Silicon-based inorganic-organic hybrid coatings are interesting alternatives to conventional organic-based coatings for wood protection because they can provide high resistances to scratch and impact, UV-light, heat and fire, and increased durability if properly designed and applied. These coatings have proved to be resilient and performant in both indoors and outdoors applications on mineral substrates and for corrosion protection of metals [1,2,3]. Silicon is the second-most abundant element in the earth’s crust after oxygen and is readily available for processing into various inorganic and inorganic-organic hybrid products with versatile industrial applications. Water glass, colloidal silica, and organosilanes are common products gaining attention and acceptance in adhesive and coating sectors. Water glass and colloidal silica are relatively cheap and environmentally friendly materials with binding and reinforcing properties. The binding ability of water glass has been used in the foundry for the manufacture of mold and core molding sands and in the development of silicate-based coatings and adhesives [1,3,4,5]. The addition of colloidal silica in conventional organic coatings has resulted in improvement of hardness, scratch and corrosion resistance, shear and bonding strengths [6,7]. Colloidal silica (or silica-sol) and organosilane compounds (e.g., (glycidoxypropyl)trimethoxysilane, hexadecyltrimenthoxysilane) have been combined to produce denser thin hybrid film coatings exhibiting better adhesion on various substrates including wood [8,9,10,11,12,13,14].
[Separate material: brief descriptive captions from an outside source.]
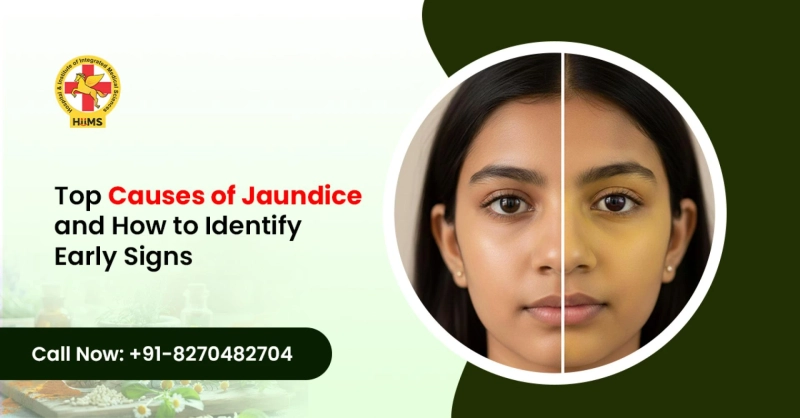 Top Causes of Jaundice and How to Identify Early Signs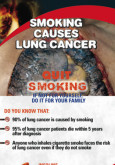 Merokok penyebab kanser paru-paru (BI)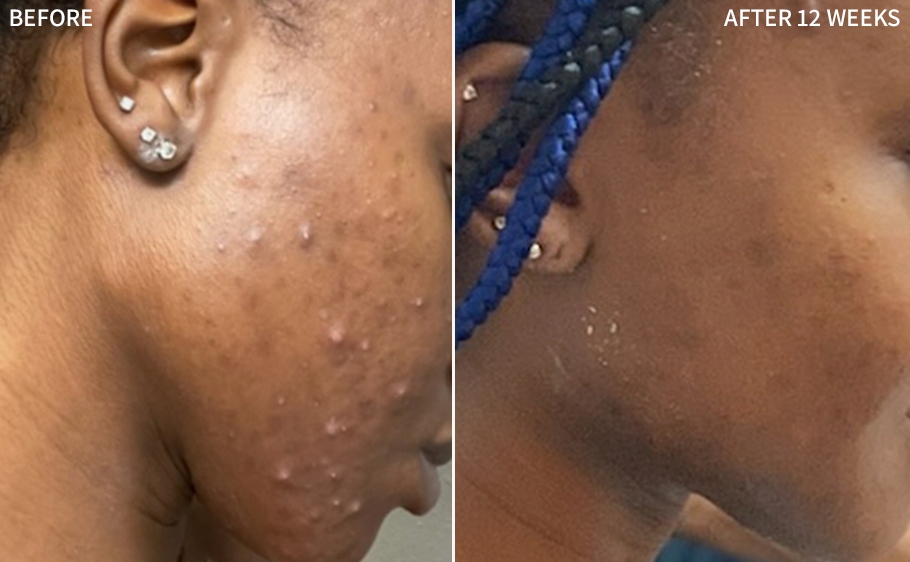 a compelling before-and-after image of a woman's face, showcasing the visible reduction of acne blemishes in the 'before' image and the healed and clear skin in the 'after' image after using the RescueMD serum consistently for 12 weeks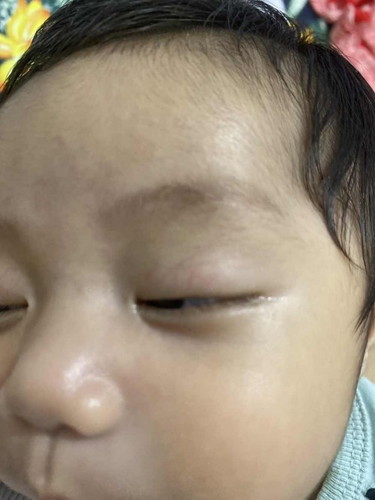 PULANG UGAT SA TALUKAP NG MATA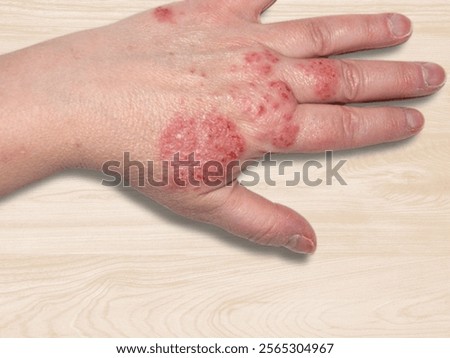Eczema is a chronic skin condition causing red, itchy, and inflamed patches. It’s often triggered by allergens or irritants and managed with moisturizers, medicated creams, and avoiding triggers.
Silicate and sol-silicate dispersion paints are coating systems using a water glass or a dispersion mixture of a water glass and a colloidal silica as the main binder, mineral fillers, and pigments such as calcium carbonate, zinc oxide, clays, and titanium dioxide [1,3,15,16,17]. Silicate and sol-silica paints are established in the field of mineral substrates and metal protection. A technology builds upon the use of a hydrophobic and mineralized drying oil or alkyd-resin primer has been developed by companies (e.g., Keimfarbein GmbH, Diedorf, Germany; Beeck’sche Farbwerke GmbH, Laichingen, Germany) to exploit the advantages of these coatings in wood. The drying oil and alkyd resins provide good adhesion to the wood while dispersed minerals in the primer layer ensure adhesion with the silicate topcoat. However, the scientific literature on these coatings in the field of wood and data on their use without primers or with other potentially cheap primer systems remains scarce. The pure inorganic silicate or dispersion silicate coatings, as formulated for minerals substrates, are unlikely to perform well and durably on wood and wood materials because of their low flexibility (a propriety inherent to inorganic materials). Wood exhibits higher moisture dimensional changes than mineral substrates and metals, which could cause cracking and debonding of the coatings.
Water glass is an alkaline solution containing a wide range of chemical species from monomeric to oligomeric silicates. Their properties including binding ability vary as a function of molar ratio of silica and alkali SiO2/M2O, the nature of the alkali metal (M) and mass concentration. Potassium water glass is the most used for coating applications for technical and economic reasons: it can be cured at ambient conditions contrary to sodium water glass, and it is less expensive than lithium water glass. The SiO2/M2O molar ratio of water glass is in general below 4, but the addition of silica and especially nanosilica (e.g., colloidal silica) increases the SiO2/M2O molar ratio and yields to the so-called sol-silicate. When nanosilica is appropriately added, a dispersion stable over gelling for an acceptable period can be obtained. The chemical reactions between water glass and colloidal silica change the particle size and their distribution and contribute to the growth of smaller silica particles in the mixture [18]. The sol-silicate paints have exhibited improved resistance to weather (freeze–thaw cycles), adhesion, and strength development compared to silicate coatings [16,17]. Organic polymers and organosilanes can also be utilized to modulate the properties of silicate and sol-silicate coatings. Organic polymers have appeared to be effective admixtures for mechanical reinforcements of silicon-based materials. Flexible silica aerogels and silica coating films have been synthetized from formulations containing organo-trialkoxysilane compounds such as methyltrimethoxysilane [19,20,21,22].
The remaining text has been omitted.